La suite n’est que symphonie. En tant que DJ, que fan ou qu’enseignant.
En ce début d’année, impossible de ne pas faire appel à cette parole d’expert pour parler musique, mais aussi de son magazine et de l’Angleterre.
Quand Jean-Daniel décroche son téléphone de l’autre côté de la Manche, il se montre immédiatement affable. « Je suis presque soulagé parce que je devais interviewer Nick Cave, et franchement c’est pas un client facile. Pas aussi dur que Lou Reed, mais quand même. C’est des mecs qui testent ta culture musicale et littéraire en permanence. Et gare à toi si tu te trompes. »
L’avenir de la musique, Lana Del Rey, Audrey Pulvar, la France, Adèle, la politique. Et c’est parti pour plus d’une heure de conversation.
Tu vis toujours à Brighton ?
Oui, depuis 16 ans.
Mais c’est une ville de retraités anglais.
C’est un mythe. Bon, c’est vrai que les villes autour sont pleines de vieux. En fait, c’est une ville de canailles. Historiquement, le Prince Régent a construit un palais ici, officiellement pour venir en cure, prendre sa goutte, mais en réalité pour venir s’encanailler avec ses amis.
Aujourd’hui, c’est ce qu’on appelle une ville de week-enders. Des jeunes qui viennent ici le vendredi soir et repartent le dimanche sans se rappeler ce qu’ils ont fait.

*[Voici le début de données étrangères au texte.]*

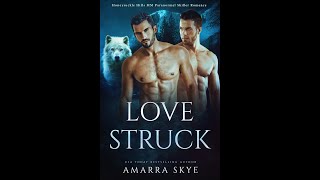Love Struck Book 1 in the Honeysuckle Hills Paranormal MM Shifter Romance screenshot 5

C’est aussi la capitale gay d’Angleterre. C’est un havre du libéralisme. C’est également une ville athée, ce qui est très très rare ici. C’est un peu le San Francisco d’Angleterre.
Les salles de concert, les bars, les galeries… ce sont des lieux difficiles à trouver dans des ruelles du centre ville. C’est une ville qui sait se cacher, se préserver.

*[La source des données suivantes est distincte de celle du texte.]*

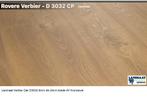 Laminaat Verbier Oak D3032 8mm dik 24cm brede 4V Kronoswiss, Huis en Inrichting, Stoffering | Vloerbedekking, Nieuw, Ophalen of Verzenden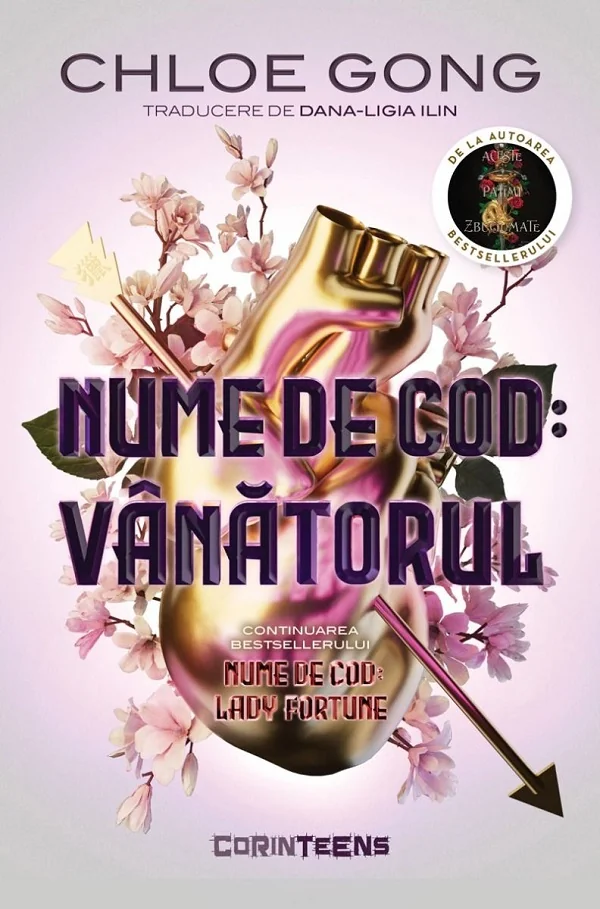 Nume de cod: Vanatorul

Tu penses que tu finiras ta vie à Brighton ?
Je me verrais plutôt finir à Biarritz à faire du long board. Le truc qui m’affole, c’est le déménagement. Mes vinyles et mes livres. Quand j’ai changé de maison ici, les déménageurs m’ont insulté. 10.000 vinyles, tu te rends compte ?
Comment trouves-tu le marché musical en ce moment ?
Marché et musical côte-à-côte, c’est amusant. Le marché est mort. Mais la musique n’a jamais été aussi riche. La preuve que la musique peut exister sans le marché. Comme avant l’invention du vinyle. La question c’est de savoir si, aujourd’hui, un album, comme ceux de Radiohead par exemple, qui nécessitent 2 ou 3 ans de travail, pourra toujours exister ? Je ne pense pas.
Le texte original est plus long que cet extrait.